Di masa kolonial tidak banyak jumlah dokter wanita Indonesia dan Syuul termasuk yang menonjol. Sebagai mahasiswa kedokteran ia menarik perhatian, karena cantik, lincah dalam pergaulan dan cakap dalam olah raga karena gemar bermain tenis.
Memang saat itu tidak mudah bagi golongan Bumiputra untuk bisa masuk sekolah kedokteran.
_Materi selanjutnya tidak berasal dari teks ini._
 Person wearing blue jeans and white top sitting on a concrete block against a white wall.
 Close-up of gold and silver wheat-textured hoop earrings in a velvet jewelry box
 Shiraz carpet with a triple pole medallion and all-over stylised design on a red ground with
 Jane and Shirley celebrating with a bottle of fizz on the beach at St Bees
Syuul mendapat keistimewaan karena keluarganya dianggap terpandang atau kelompok elite.
Menurut penuturan seorang wartawan surat kabar De Java Bode, kata Rosihan, Syuul disebut dengan istilah de Javaanse elite in Batavia seperti keluarga dr Oerip, dr Latip atau de regenten families van Bandung, Buitenzorg, Cianjur yang sosialisasi mereka dijepret oleh fotograf dan dimuat dalam majalah Belanda De Orient.
Pada masa itu, kata Rosihan, Syuul tidak banyak menaruh minat pada persoalan politik. Namun, keadaan itu berubah dengan datangnya zaman pendudukan Jepang dan setelah berlangsung Perang Kemerdekaan (1945-1949).
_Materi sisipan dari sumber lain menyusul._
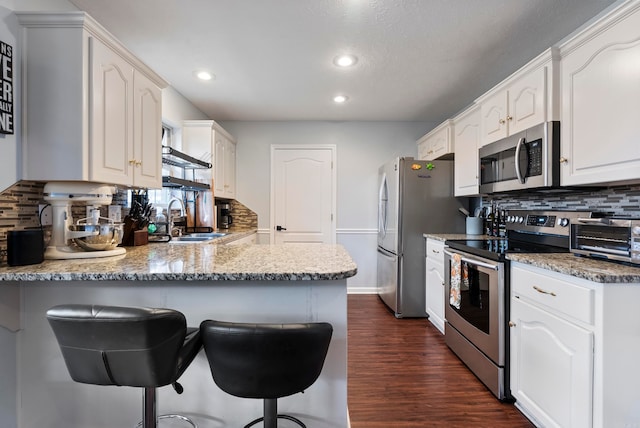 kitchen with appliances with stainless steel finishes, sink, white cabinets, dark wood-type flooring, and kitchen peninsula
Dalam masa perjuangan, Syuul di samping jadi dokter di RS Bethesda di Yogyakarta di bangsal penyakit dalam dan penyakit anak, juga aktif dalam pergerakan, menjadi anggota dewan pimpinan Kongres Wanita Indonesia (Kowani) dan duduk dalam Badan Kongres Pemuda Republik Indonesia sebagai wakil Pemuda Putri Indonesia (PPI).
Syuul mengusahakan obat dan makanan untuk para pemuda dan pejuang dan dia sendiri mengantarkannya ke Tambun (Jawa Barat), Gresik, Demak dan sekitar Yogyakarta.
Pada 1947 Syuul dikirim ke India untuk menghadiri Kongres Wanita Seluruh India sebagai wakil Kowani bersama dengan Ny Utami Suryadarma. Ia menumpang pesawat terbang kepunyaan pengusaha India Biju Patnaik yang pada masa itu menjadi blockade runner, menembus blokade yang dipasang oleh Belanda.
Syuul kembali pada Juli 1948, dari New Delhi ke Bukittinggi, menuju Yogyakarta, bersama Suparto dan sekretarisnya Suripno. Syuul waktu itu tidak mengetahui bahwa Suparto sesungguhnya adalah Muso yang segera setibanya di Yogya membubarkan Front Demokrasi Rakyat (FDR) dan mengaktifkan Partai Komunis Indonesia (PKI). Sepak terjang Muso berakhir dalam Pemberontakan di Madiun September 1948 yang ditumpas oleh Pemerintah RI dan pada tewasnya Muso.
Mentor Syuul dalam pendidikan politik pada tahun-tahun itu adalah Subadio Sastrosatomo, anggota Badan Pekerja KNIP (Komite Nasional Indonesia Pusat), kemudian ketua fraksi Partai Sosialis Indonesia (PSI) dalam Parlemen. Saat itu dia sempat disindir karena pengetahuannya tentang politik yang dianggap minim.
"Ibu saya, wanita biasa, lebih tahu politik daripada kau, Syuul," ujar Subadio.